Destructive Entitlement
FOR IVAN Boszormenyi-Nagy, M.D., psychiatrist, humanist, a founder
of family therapy and developer of contextual therapy, the essence of
human predicaments is the same, whether it's ethnic war in Sarajevo, race
riots in Los Angeles, substance abuse on the street comer, or unhappy
"adult children" in your own house. The problem is a failure of
relationships due in large part to misconceptions about justice.
PT: What does justice have to do with it?
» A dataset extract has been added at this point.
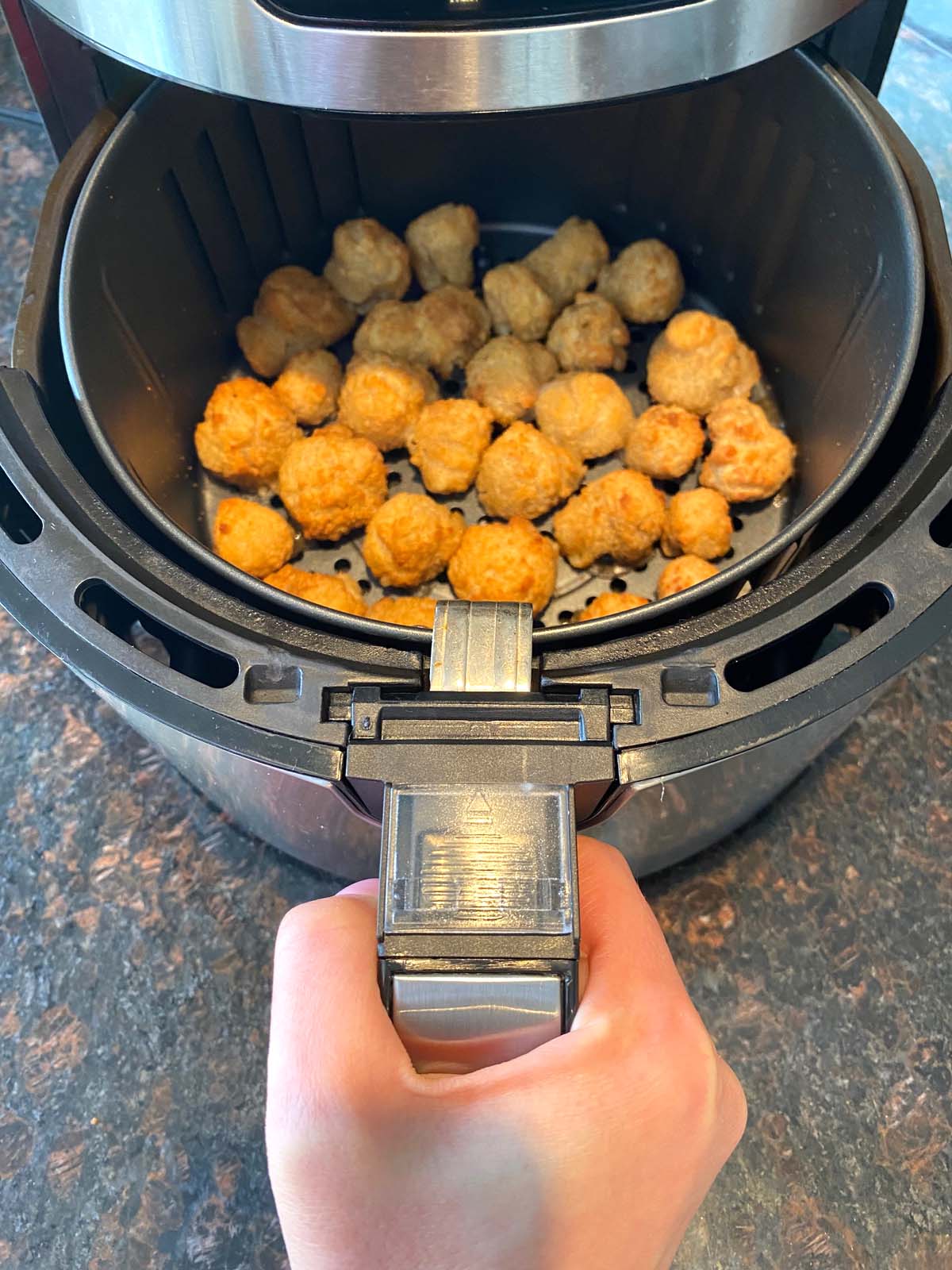 Cooked breaded mushrooms in the air fryer.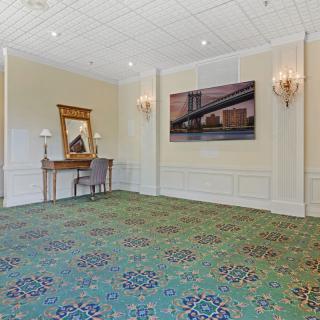 A spacious, elegantly decorated room with a mirror and artwork on the walls.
Nagy: In 1981, I developed the concept of "destructive entitlement
It refers to the ethical dynamics of relationships, which exists in
addition to their psychological dimension.
PT: What does it mean?
Nagy: There is an open account for revenge. Entitlement resembles a
right, something earned either through contributions that benefit another
or through suffering. It is an ethical accumulation or surplus.
PT: Give me an example.
Nagy: If you were exploited, abused as a child, you feel angry,
suspicious, psychologically entitled to revenge. You also have a right to
be revengeful, ethically. Or say you have a genetic illness. You pay
personally - it's unjust. "Why me?" You also have an entitlement -you
were damaged. The question is, "How do I act on it, constructively or
destructively?" It's the nature of the action you can take. You can't
take it out on your genes. But if you use it against an innocent person,
that's taking the past out on the future. It's unfair; it creates a new
injustice, and perpetuates the cycle.
PT: How do you see this playing a significant role - in our
everyday lives?
Nagy: Destructive entitlement is a huge problem in child care. It
has a long history in warfare between nations and ethnic populations
within nations. And it plays a major role in destroying marriages.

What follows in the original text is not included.